▸ Task details: Starting at the line that contains "Deux mugs en" and stopping after the line that contains "Golden brown beef", transcribe the listing below exactly; do not include any pictures.

Segment Start: Data records

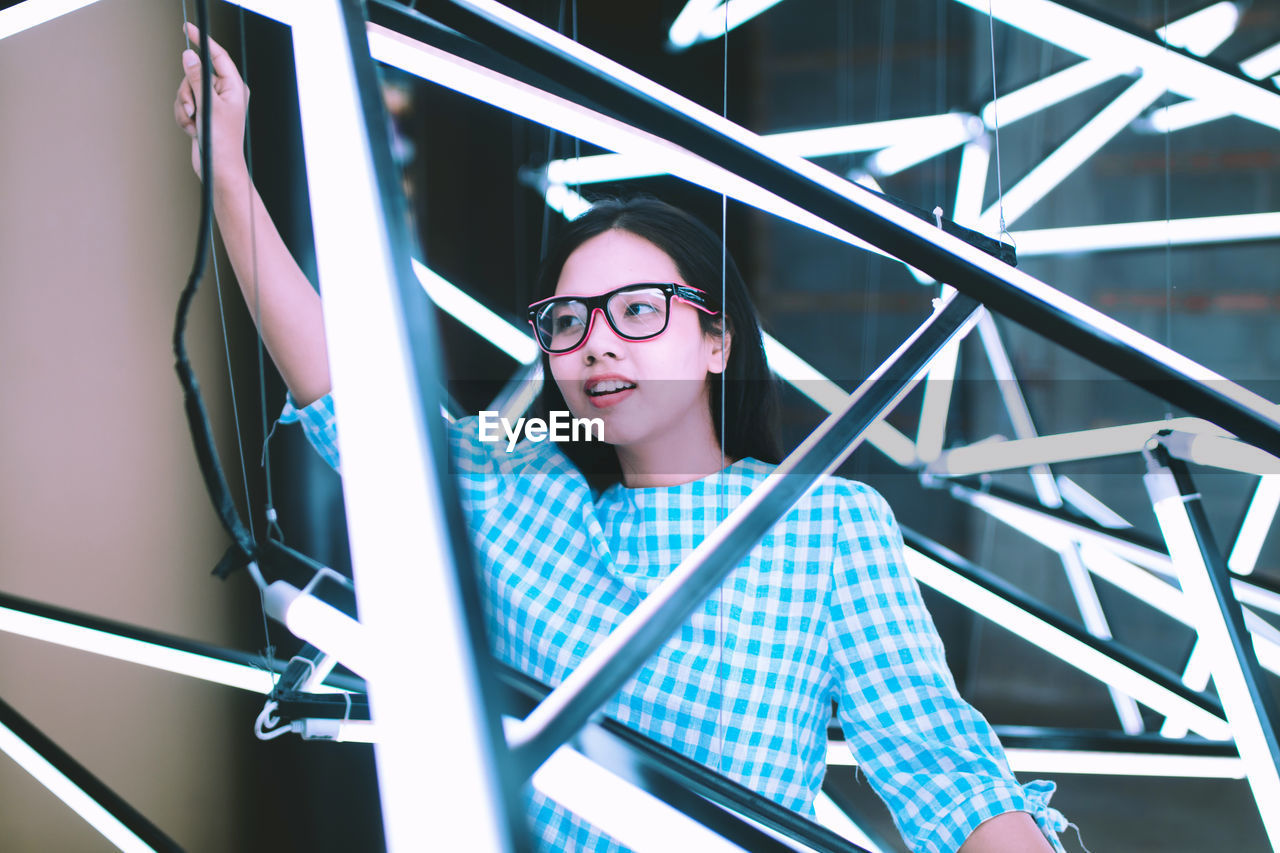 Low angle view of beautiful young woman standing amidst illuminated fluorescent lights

Segment End: Data records
Segment Start: Data records

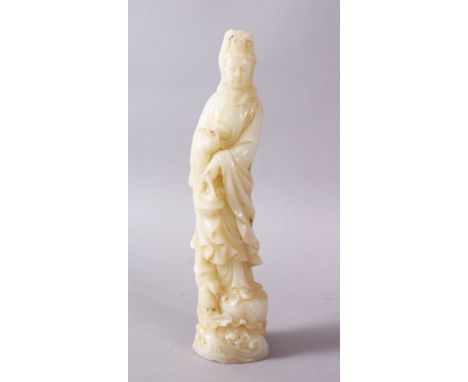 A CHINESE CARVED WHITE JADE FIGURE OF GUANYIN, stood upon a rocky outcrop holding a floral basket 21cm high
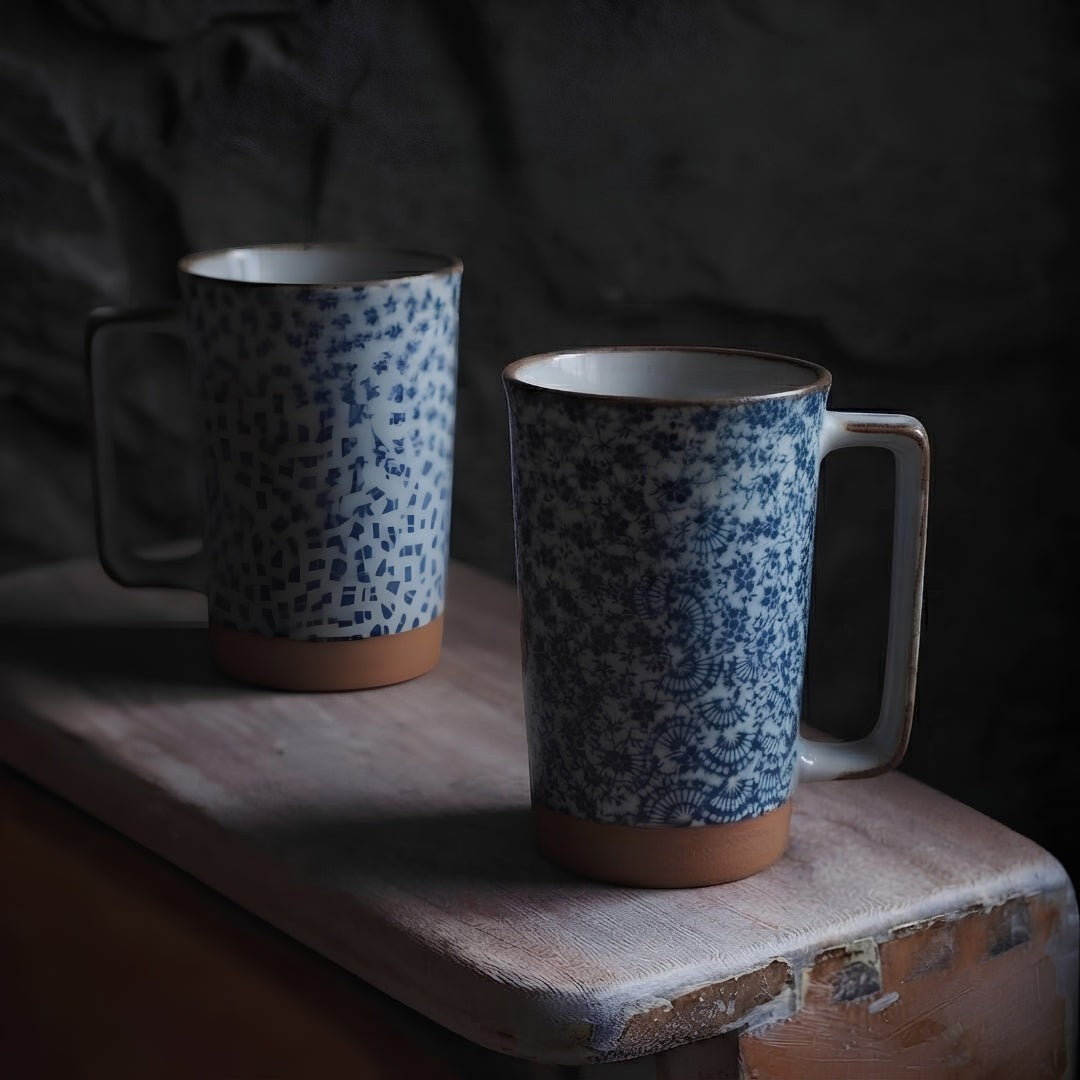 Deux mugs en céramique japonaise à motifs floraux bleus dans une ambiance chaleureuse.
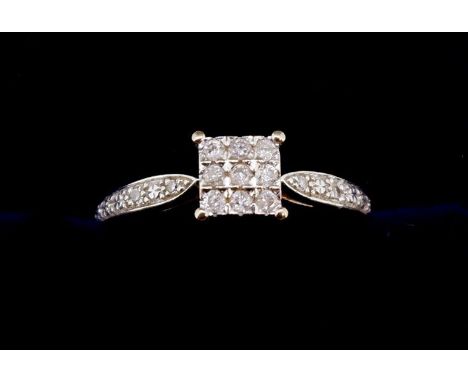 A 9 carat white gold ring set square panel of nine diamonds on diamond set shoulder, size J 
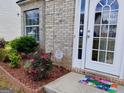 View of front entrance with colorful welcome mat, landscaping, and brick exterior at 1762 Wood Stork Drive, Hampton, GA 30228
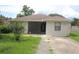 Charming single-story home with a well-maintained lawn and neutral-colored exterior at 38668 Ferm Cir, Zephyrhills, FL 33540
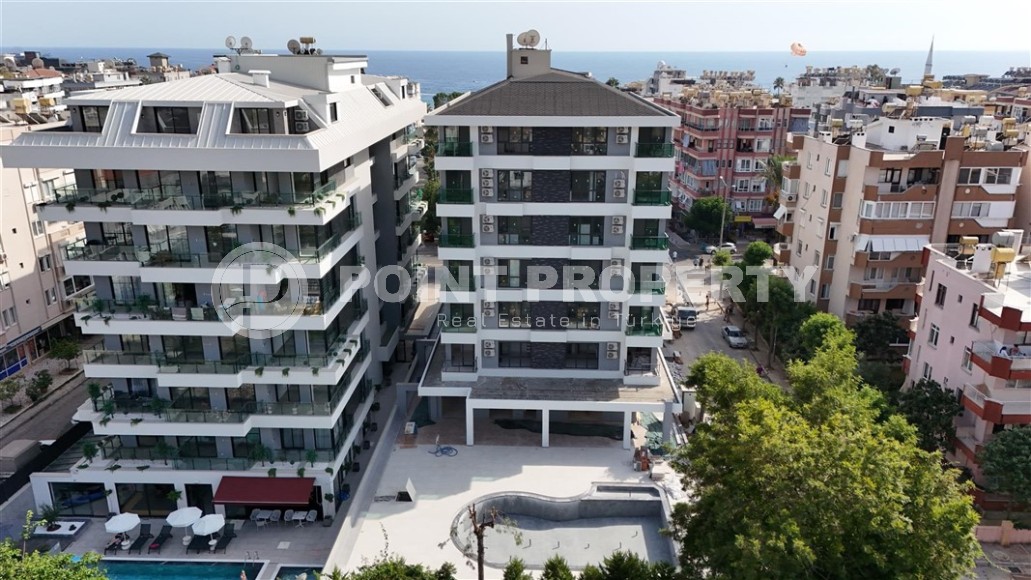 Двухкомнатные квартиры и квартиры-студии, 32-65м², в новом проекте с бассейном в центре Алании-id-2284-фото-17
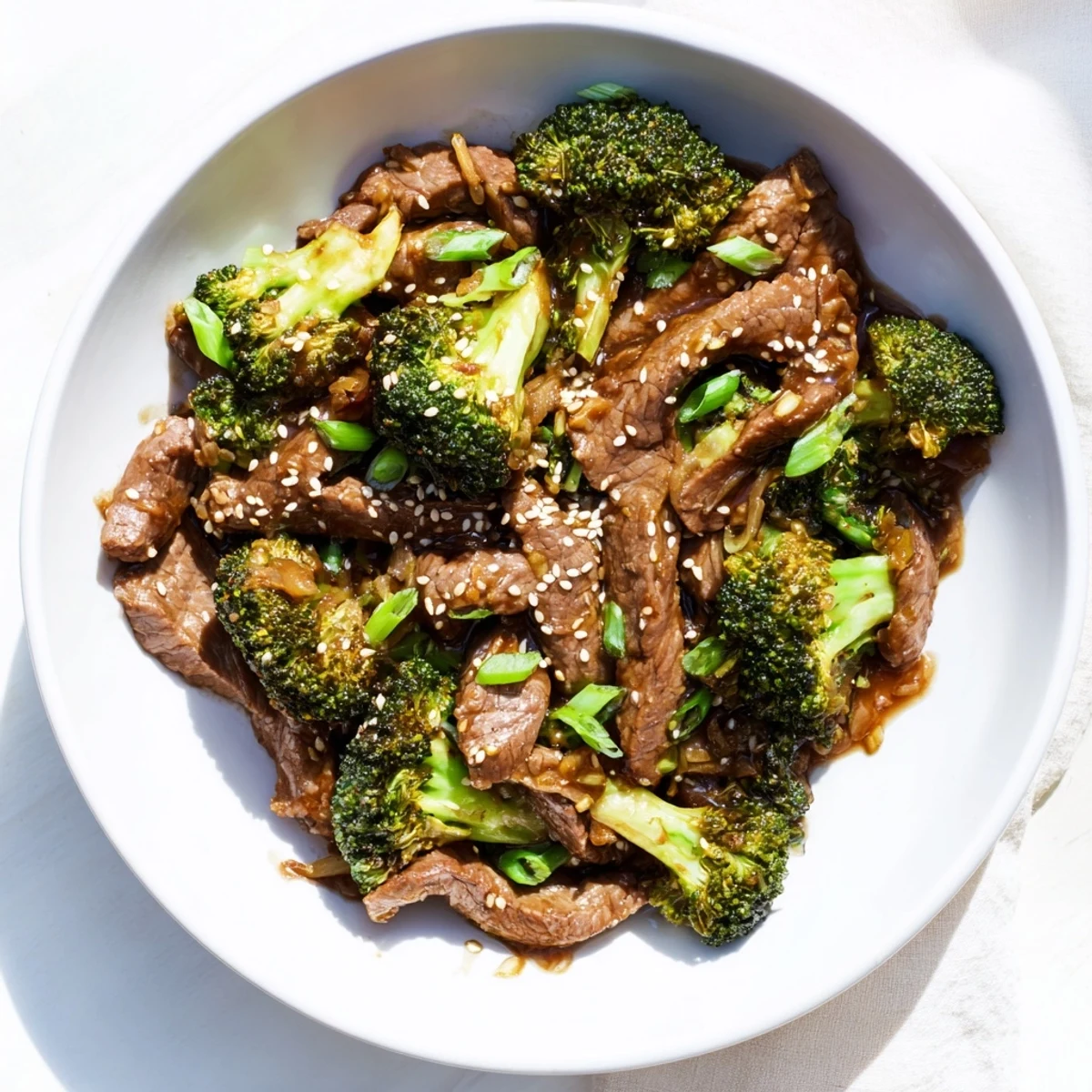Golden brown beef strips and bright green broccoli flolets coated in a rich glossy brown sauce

Segment End: Data records

▸ Response to this exercise:
 Deux mugs en céramique japonaise à motifs floraux bleus dans une ambiance chaleureuse.
 A 9 carat white gold ring set square panel of nine diamonds on diamond set shoulder, size J 
 View of front entrance with colorful welcome mat, landscaping, and brick exterior at 1762 Wood Stork Drive, Hampton, GA 30228
 Charming single-story home with a well-maintained lawn and neutral-colored exterior at 38668 Ferm Cir, Zephyrhills, FL 33540
 Двухкомнатные квартиры и квартиры-студии, 32-65м², в новом проекте с бассейном в центре Алании-id-2284-фото-17
Golden brown beef strips and bright green broccoli flolets coated in a rich glossy brown sauce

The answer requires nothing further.